■ **RAW DATA**:
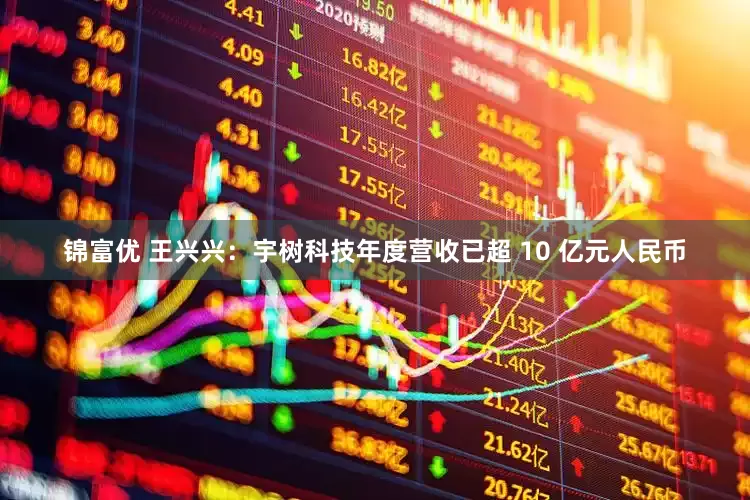 锦富优 王兴兴：宇树科技年度营收已超 10 亿元人民币
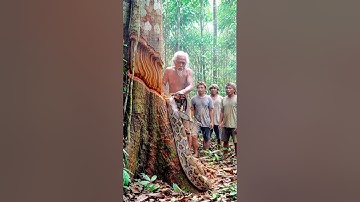Have you ever seen a chainsaw cut this deep? #woodworking#chainsaw#treecutting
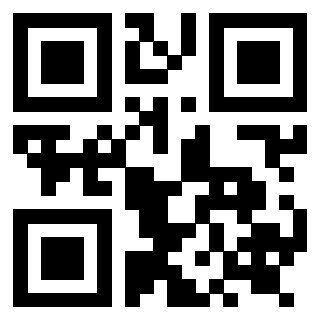Il Qr Code di 3919272499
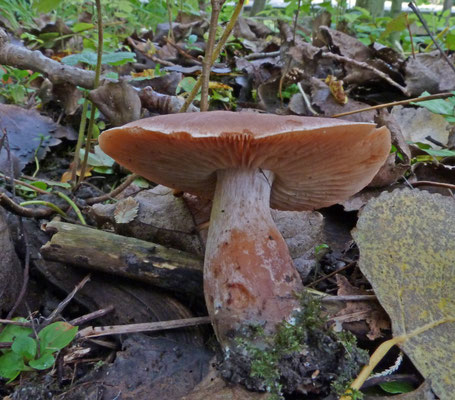 Cortinarius balteatoalbus - Dikke gordijnzwam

■ **DIRECTIONS**: Beginning with the line that bears "Il Qr Code di 3919272499", output each line through the last line of the listing exactly, and no others; skip the pictures.

■ **WRITTEN REPLY**:
Il Qr Code di 3919272499
 Cortinarius balteatoalbus - Dikke gordijnzwam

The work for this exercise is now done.